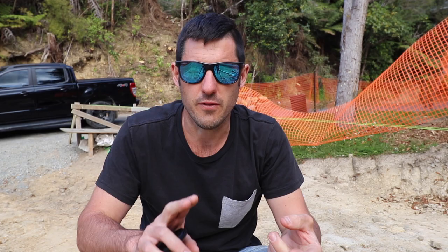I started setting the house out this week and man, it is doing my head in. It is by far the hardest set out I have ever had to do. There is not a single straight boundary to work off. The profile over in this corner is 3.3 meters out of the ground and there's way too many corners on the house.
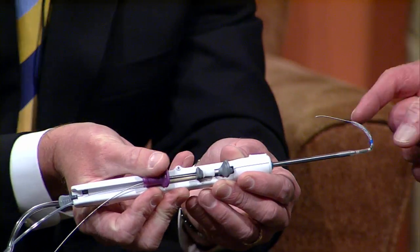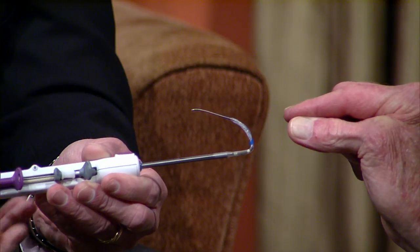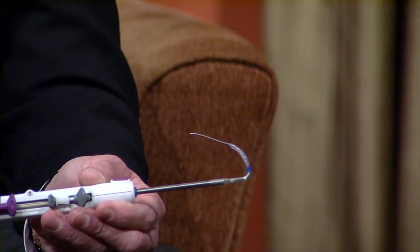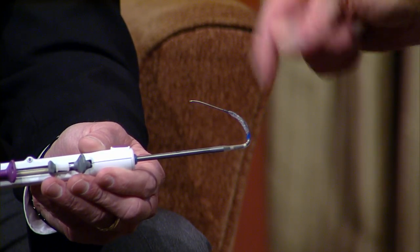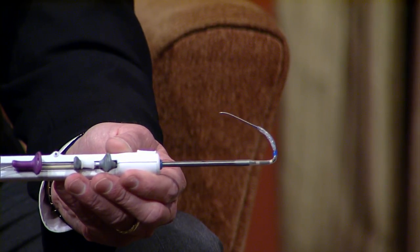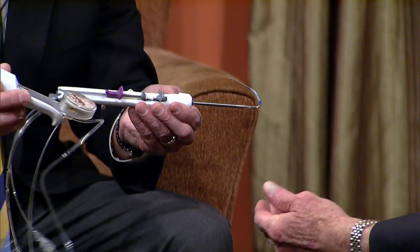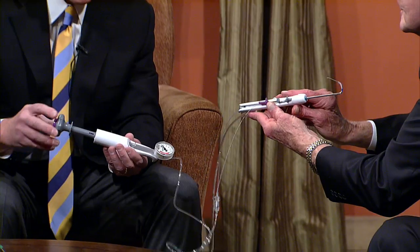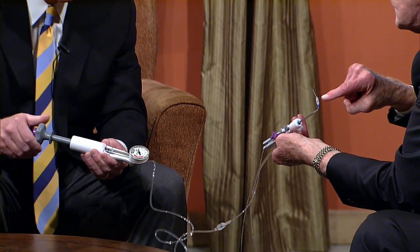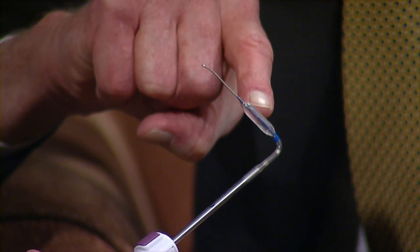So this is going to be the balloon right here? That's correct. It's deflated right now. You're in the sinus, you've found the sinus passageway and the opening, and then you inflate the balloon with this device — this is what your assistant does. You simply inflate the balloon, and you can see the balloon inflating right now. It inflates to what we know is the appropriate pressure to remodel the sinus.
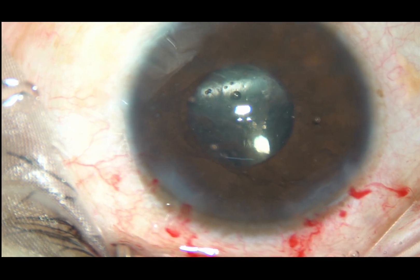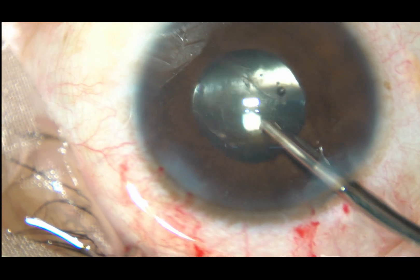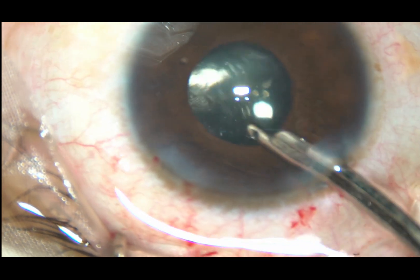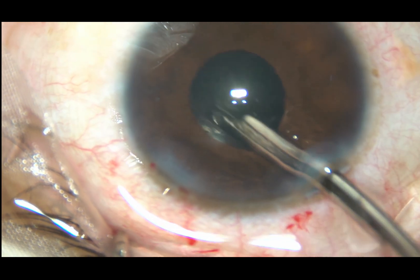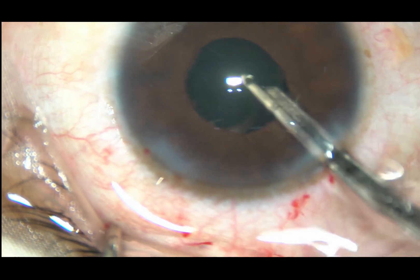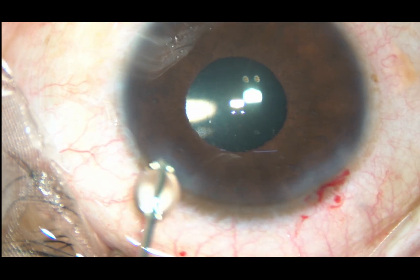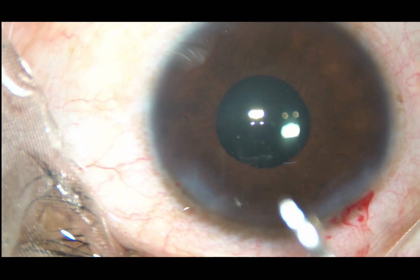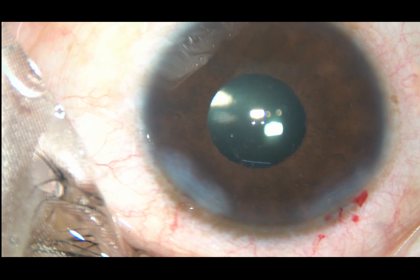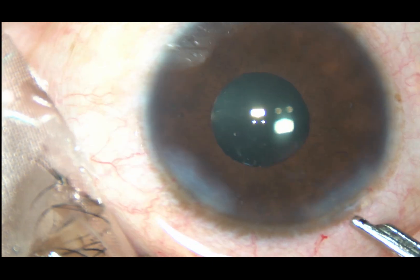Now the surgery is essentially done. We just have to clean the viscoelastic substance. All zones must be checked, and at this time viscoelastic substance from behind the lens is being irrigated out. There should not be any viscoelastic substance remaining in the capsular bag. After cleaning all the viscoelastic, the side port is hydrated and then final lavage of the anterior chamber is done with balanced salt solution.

DIRECTIONS: All that's required is the material above repeated exactly, minus any picture.

YOUR RESPONSE:
I started setting the house out this week and man, it is doing my head in. It is by far the hardest set out I have ever had to do. There is not a single straight boundary to work off. The profile over in this corner is 3.3 meters out of the ground and there's way too many corners on the house.
So this is going to be the balloon right here? That's correct. It's deflated right now. You're in the sinus, you've found the sinus passageway and the opening, and then you inflate the balloon with this device — this is what your assistant does. You simply inflate the balloon, and you can see the balloon inflating right now. It inflates to what we know is the appropriate pressure to remodel the sinus.
Now the surgery is essentially done. We just have to clean the viscoelastic substance. All zones must be checked, and at this time viscoelastic substance from behind the lens is being irrigated out. There should not be any viscoelastic substance remaining in the capsular bag. After cleaning all the viscoelastic, the side port is hydrated and then final lavage of the anterior chamber is done with balanced salt solution.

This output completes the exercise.